The migration, caused by some sort of upsurge of lava into their caves, ends with some six million of them having reached the surface, and the issue of where to house them and how to feed them lies at the heart of the story, even as the trogs themselves are curiously displaced and distant. We never see an individual trog, nor are we told about any individual trogs doing anything – their arrival sets the plot in motion, and then then we just witness the discussion of the trog problem. Part of this is due to the format of the story, which is initially presented by an omniscient third person narrator before moving on to news reports, UN Council transcriptions, opinion columns, neo-Nazi handouts, letters to the editor, and so on for the bulk of the narrative. In order to simplify matters, Vance makes sure the readers know that trogs “ have no grasp of ‘time’ as we understand the word. They have only the sparsest traditions of the past and are unable to conceive of a future further removed than two minutes…” They are nothing more than new mouths to feed, although the experts agree that given a typical education a trog child would grow up indistinguishable from other humans other than appearance. Note that this idea of a “people without history” is a common trope rolled out by Europeans to justify exploiting other peoples. The “trog problem” is also explicitly compared to the “Negro problem” of the United States (“The U.S., with both room and money, already has serious minority headaches and doesn’t want new ones”), and Neo-Nazis and nationalists complain about miscegenation and immigration. No easy solutions are found, the world soon lapses into apathy. The story closes with three brief news items

LA, December 14: The Christmas buying rush got under way early this year, in spite of unseasonably bad weather…
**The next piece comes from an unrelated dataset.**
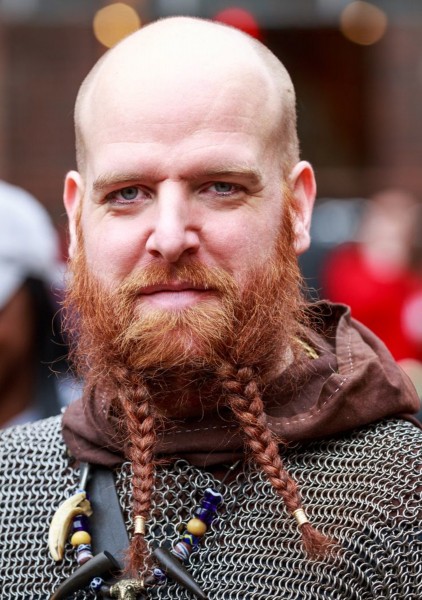 A short beard with braids.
Trog City, December 15: A desperate appeal for penicillin, sulfa, blankets, kerosene heaters, and trained personnel was sounded today by Camp Commandant Howard Kerkovits. He admitted that disease among the trogs was completely out of control, beyond all human power to cope with…

The Trog Story December 23: “I don’t know why I should be sitting here writing this, because–since there are no more trogs-there is no more trog story. But I am seized by an irresistible urge to ‘tell-off’ a rotten, inhumane world…”

“DP” for “Displaced Persons,” one assumes, and it is tempting to read this as a commentary on European Jews after the war, although an effective commentary it is not – plus the modern Israel had been in place for around 5 years at this point.

* Presumably a reference to Karel Capek’s 1936 _War with the Salamanders_, which offers a vaguely similar story of a newly-discovered intelligent race on Earth which is quickly subject to human malevolence.